Data section section start

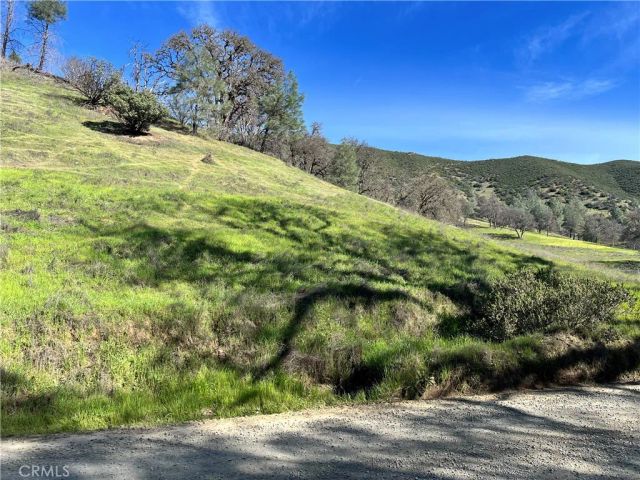2286 New Long Valley, Clearlake Oaks, CA 95423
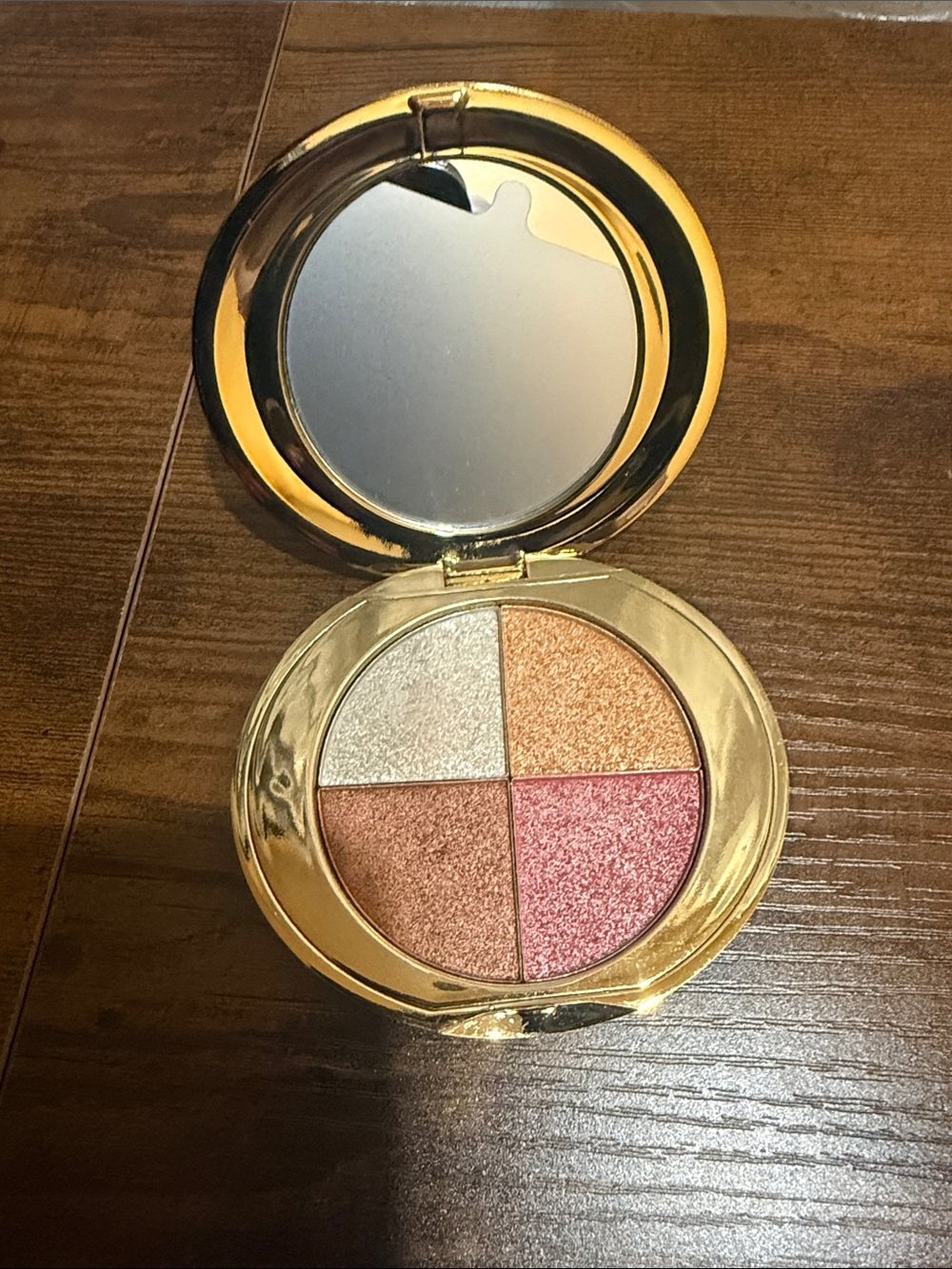 Luminous 4-Shade Shimmer Highlighter Palette - Pink & Gold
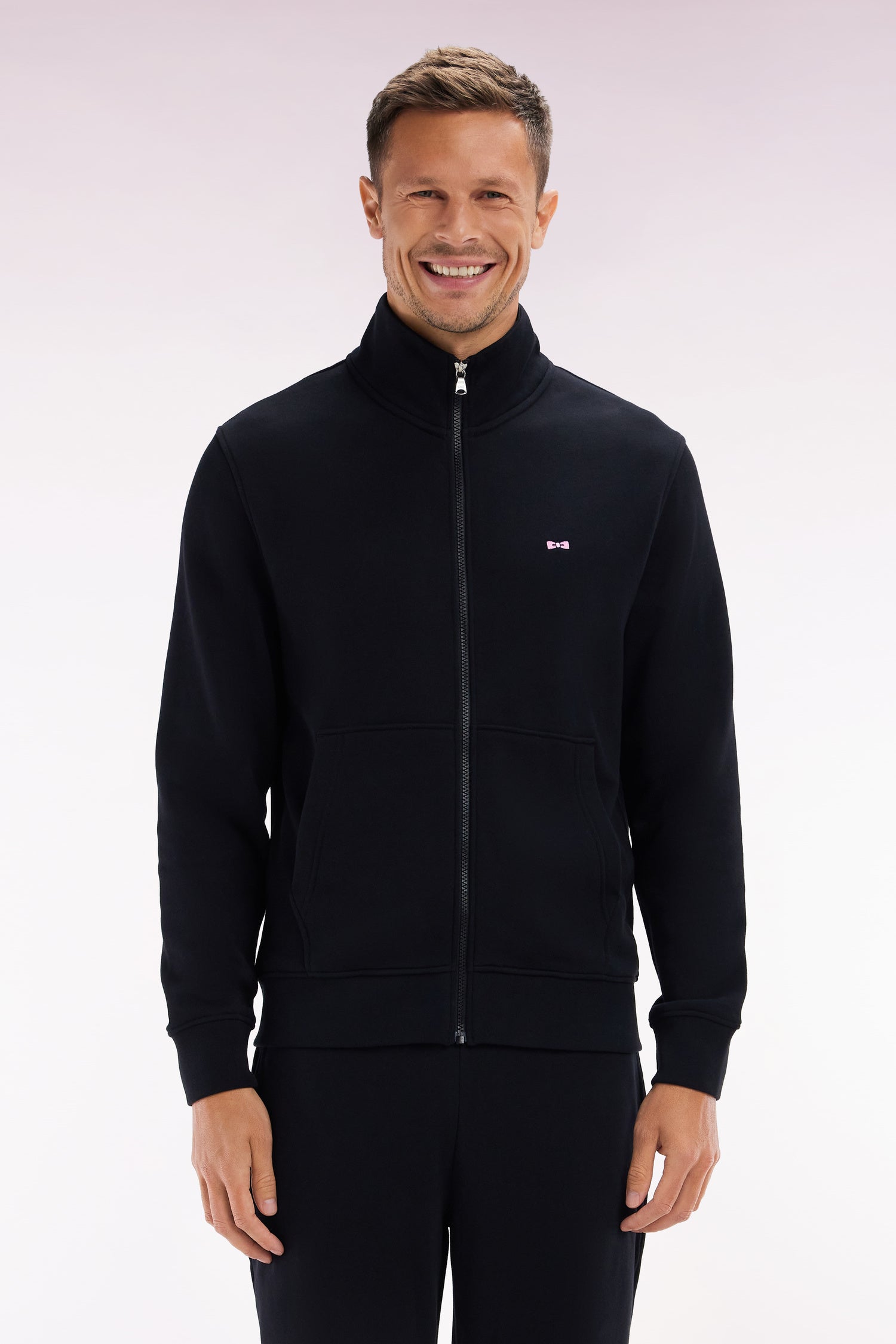 Sweatshirt zippé en coton noir coupe droite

Data section section end

■ Task to complete
Exact copy, pictures omitted: every line from the one holding "Luminous 4-Shade Shimmer" through the last line of the data above, and nothing else.

■ Solution for this problem
 Luminous 4-Shade Shimmer Highlighter Palette - Pink & Gold
 Sweatshirt zippé en coton noir coupe droite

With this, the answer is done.